Resolving the Grip of the Distal Carboxy Tail on the Proximal Calmodulatory Region of CaV Channels

Abstract

Ca2+/calmodulin-dependent inactivation (CDI) of CaV channels plays a crucial role in the homeostasis of intracellular Ca2+, and serves as an ideal prototype for investigating Ca2+ feedback regulation within biological systems. The prevailing view of CDI mechanism is that Ca2+-free calmodulin (apoCaM) preassociates with the IQ domain of the proximal carboxy terminus of channels, and this ‘resident’ calmodulin (CaM) acts as Ca2+ sensor to somehow trigger CDI upon Ca2+ binding. The downstream CaM/channel configurations leading to CDI are complex and under investigation at present. Contrasting with this complexity, CaV1.3 and CaV1.4 feature a long-carboxy-tail splice variant that minimizes CDI by a beautifully simple mechanism.
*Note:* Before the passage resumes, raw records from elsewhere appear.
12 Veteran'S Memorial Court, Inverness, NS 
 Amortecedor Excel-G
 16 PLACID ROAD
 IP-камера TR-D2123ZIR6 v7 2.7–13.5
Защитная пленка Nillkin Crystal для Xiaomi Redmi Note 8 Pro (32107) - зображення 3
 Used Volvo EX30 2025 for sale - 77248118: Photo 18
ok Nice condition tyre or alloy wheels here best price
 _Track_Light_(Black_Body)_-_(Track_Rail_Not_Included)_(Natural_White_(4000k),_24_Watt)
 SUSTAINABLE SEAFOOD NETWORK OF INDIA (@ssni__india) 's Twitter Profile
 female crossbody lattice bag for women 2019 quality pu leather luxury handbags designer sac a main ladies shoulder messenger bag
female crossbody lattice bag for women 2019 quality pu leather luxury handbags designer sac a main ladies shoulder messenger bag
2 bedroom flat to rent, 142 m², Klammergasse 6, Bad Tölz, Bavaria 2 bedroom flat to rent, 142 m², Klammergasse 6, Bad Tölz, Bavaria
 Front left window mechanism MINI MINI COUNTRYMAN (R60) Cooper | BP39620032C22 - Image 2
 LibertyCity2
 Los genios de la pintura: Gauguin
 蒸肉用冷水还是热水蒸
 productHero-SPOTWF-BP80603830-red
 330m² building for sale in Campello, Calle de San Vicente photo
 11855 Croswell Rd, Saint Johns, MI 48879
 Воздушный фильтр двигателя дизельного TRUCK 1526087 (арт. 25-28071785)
We recently combined electrophysiology and a genetically encoded fluorescent sensor to record CDI and CaM concentration simultaneously (Nature463:968), thereby demonstrating that the distal-carboxy-tail (DCT) harbors an ICDI module that competes with apoCaM for binding to the IQ domain. By kicking off apoCaM, ICDI diminishes CDI in an eminently straightforward manner; thus, the IQ/ICDI complex now looms as a simplified prototype for novel channel modulators, and as an easy entrez into complex CaM/channel configurations underlying CDI. Here, we perform alanine-scanning mutagenesis of the entire IQ domain and ICDI domain. Hotspot mutations which reduce IQ/ICDI binding affinity also commensurately diminish ICDI function (i.e., permit restoration of CDI). Furthermore, the ensemble of effects can be well fit with a Michaelis-Menten equation incorporating the presence of a competitive inhibitor. Thus, the collection of hotspots can be used to identify the minimal functional segments of IQ/ICDI interaction to facilitate structure building, and to provide clues for designing small peptides and/or molecules that regulate CDI of specific CaV channels.